#### WHAT YOU ARE ASKED TO DO:
A word-for-word copy of the lines below, starting at the line with "pink background with" and ending at the last one, is what you should give. Omit every picture.

#### SOURCE INFORMATION:
'''

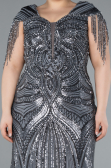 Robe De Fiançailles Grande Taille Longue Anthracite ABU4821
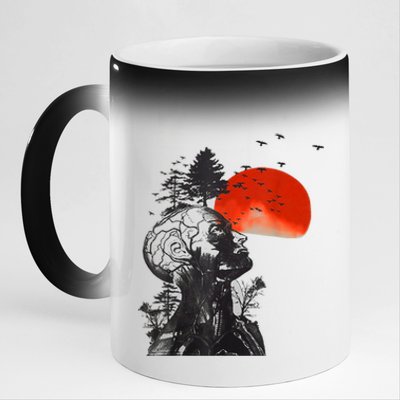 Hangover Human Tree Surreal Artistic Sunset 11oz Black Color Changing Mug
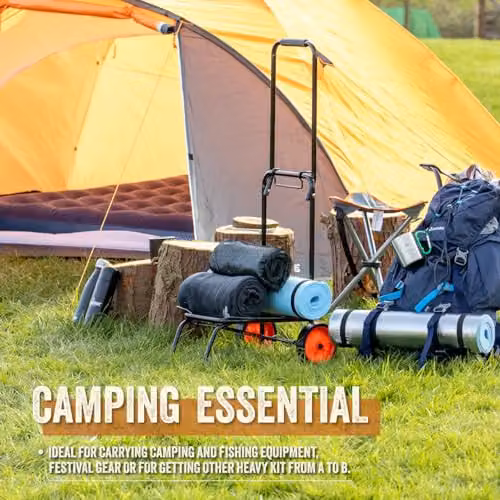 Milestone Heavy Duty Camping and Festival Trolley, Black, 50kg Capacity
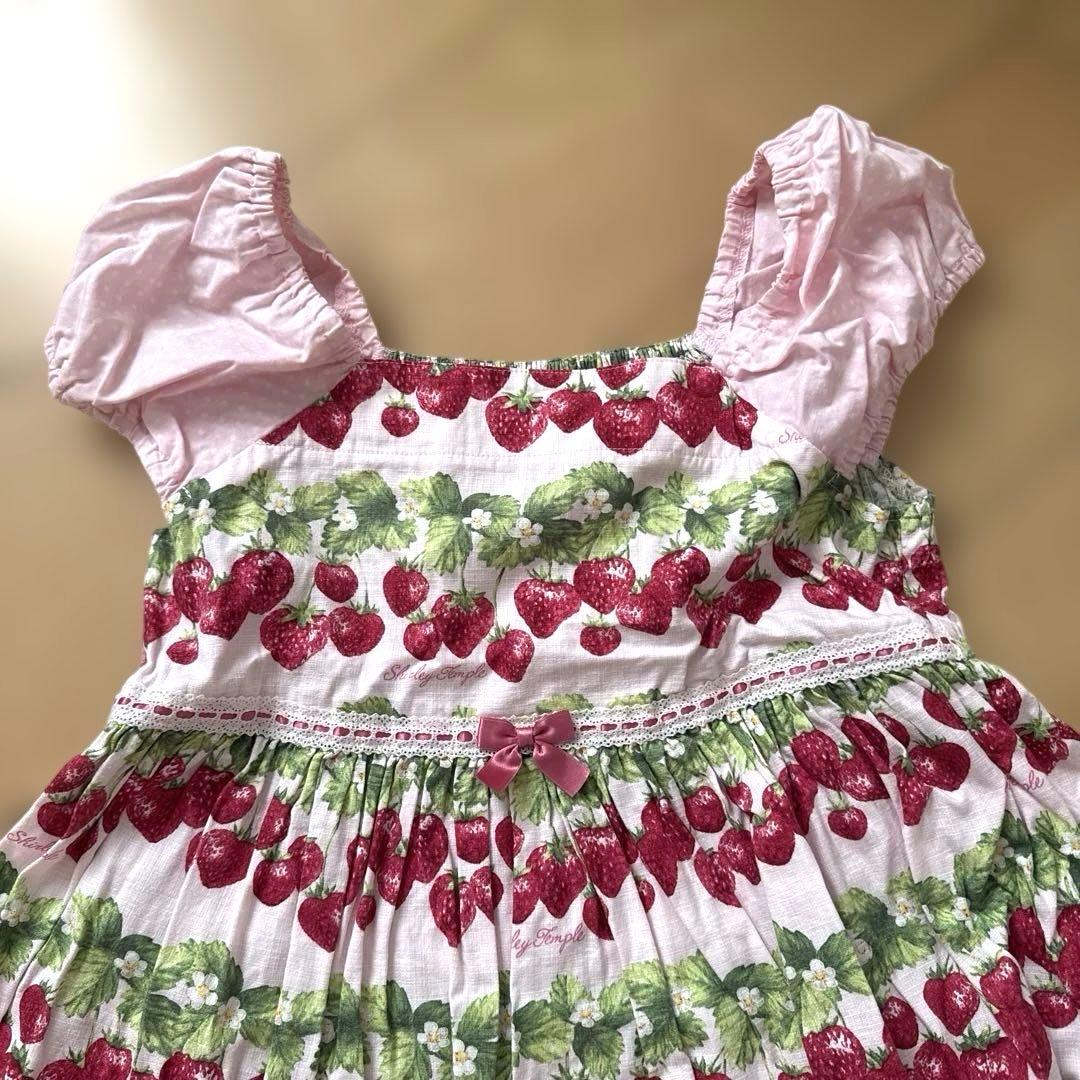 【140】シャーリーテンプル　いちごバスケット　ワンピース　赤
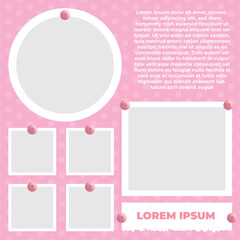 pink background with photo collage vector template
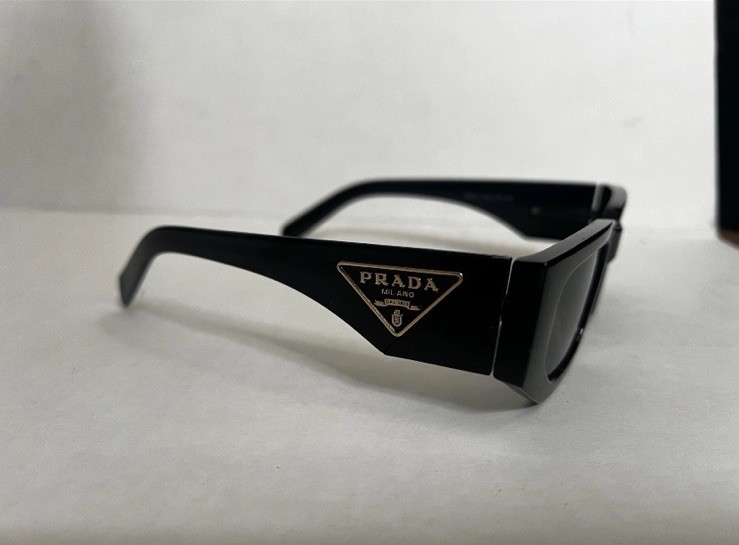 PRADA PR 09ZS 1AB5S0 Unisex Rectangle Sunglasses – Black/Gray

'''

#### TASK RESPONSE:
 pink background with photo collage vector template
 PRADA PR 09ZS 1AB5S0 Unisex Rectangle Sunglasses – Black/Gray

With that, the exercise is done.